The Academic Senate of the University is not at liberty to lobby the Legislature in this regard. However the Davis Faculty Association, in conjunction with the Council of the University of California Faculty Associations, is free to undertake political lobbying activities. The DFA believes this is an important issue for many faculty members, and one which must be taken up with the legislators. It is not productive to complain within the University – we need to indicate to the Legislature the importance of training foreign students, many of whom remain in the United States and in California in particular, and who form the basis of the next-generation of faculty for the University and entrepreneurs in start-ups and high tech businesses and industries. This issue is a high priority for the Association. The DFA will work with CUCFA to educate legislators about the importance of graduate education and the role of non-resident students. To contact the DFA, email myrna@ucdfa.org.

DFA Opposes Regents Salary Proposal for Administrators and Possible Changes to Faculty Benefit Package

by Ian Kennedy

The DFA is closely monitoring discussion by the UC Board of Regents in regard to private sources of compensation for senior University administrators. At press-time, it was not clear whether the adverse public reaction to this proposal had persuaded the Board to drop the proposal. We are also tracking discussion of faculty benefits. A brief summary is provided below; the full document can be found on the web.

Private Funding to Augment Salaries
The Finance Committee of the Board of Regents recommended a change in compensation for senior administrators, from the President of the University of California down to the Deans of professional schools. They proposed that private funding be raised to increase the compensation paid to these senior administrators because the total compensation package received by this select group lags the market. They believe that this discrepancy impedes the recruitment and retention of highly qualified and talented administrators.

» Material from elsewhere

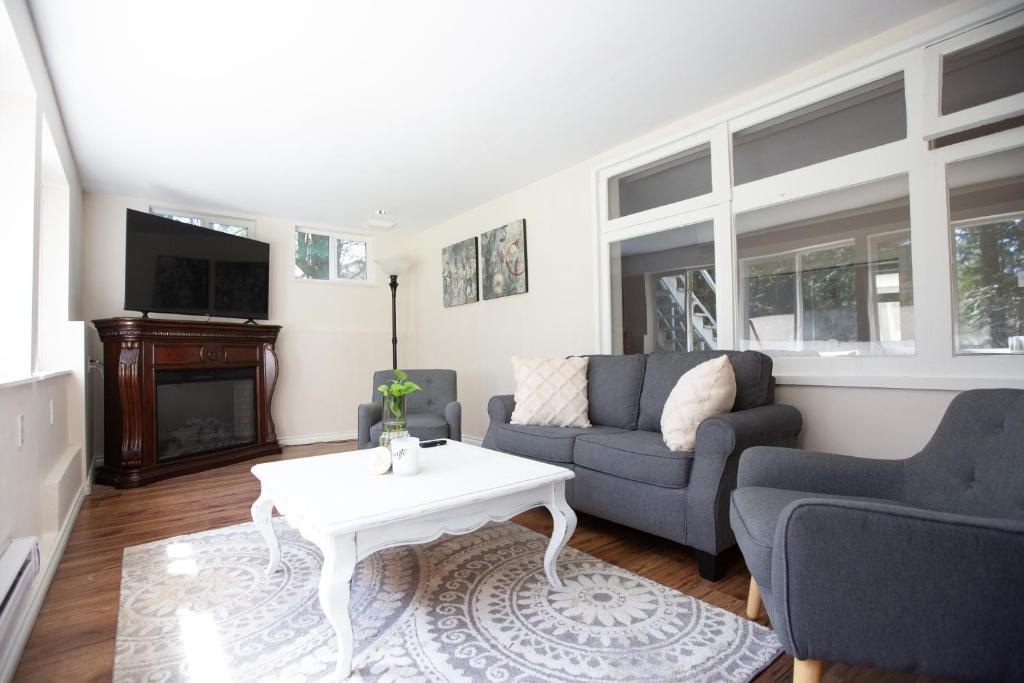 - un salon avec un canapé et une table dans l'établissement Private Garden-Level Suite, à West Vancouver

This issue may have ramifications for the faculty and the University as a whole. First, the concept of raising private funding to pay the compensation of University employees is troubling to many of the faculty. Second, it is not clear that general private donations to the University will be safe during times when the gifts are not sufficient to maintain the elevated salaries. The administration may be tempted in times of budgetary difficulty to dip into the general donations to support compensation packages, reducing available funding for other academic activities such as student support, research initiatives, classroom and laboratory construction, inter alia.

Retirement Benefits Threatened
Within the same document the Finance Committee made note of the cost of benefits paid to the faculty and retirees, having employed a private consulting firm to study the issue. Although salaries lagged behind measures of the current market, total compensation was found to be similar to the market due to the generous benefits paid by the University. This report noted that the University of California is one of the few remaining employees that provide generous retirement and health benefits to its employees and retirees and suggests that this practice may end: “Within the next couple of years, following intensive review, it is expected that there will be reductions in these benefits…. Additionally, it is anticipated that the value of both the Health and Welfare benefits and the Retirement and Retiree Medical benefits will be reduced significantly over the next few years….

This is an issue which is of substantial concern to both present employees and retirees. In particular, reduction in the benefits for health coverage for retirees is likely to have a significant impact on the more senior faculty and possibly on retirees. This is a very important issue that DFA is keenly interested in. We are expressing our concerns about both of these proposals to the University and the Regents; we will monitor developments closely. As more information comes to light, the membership of the association will be informed.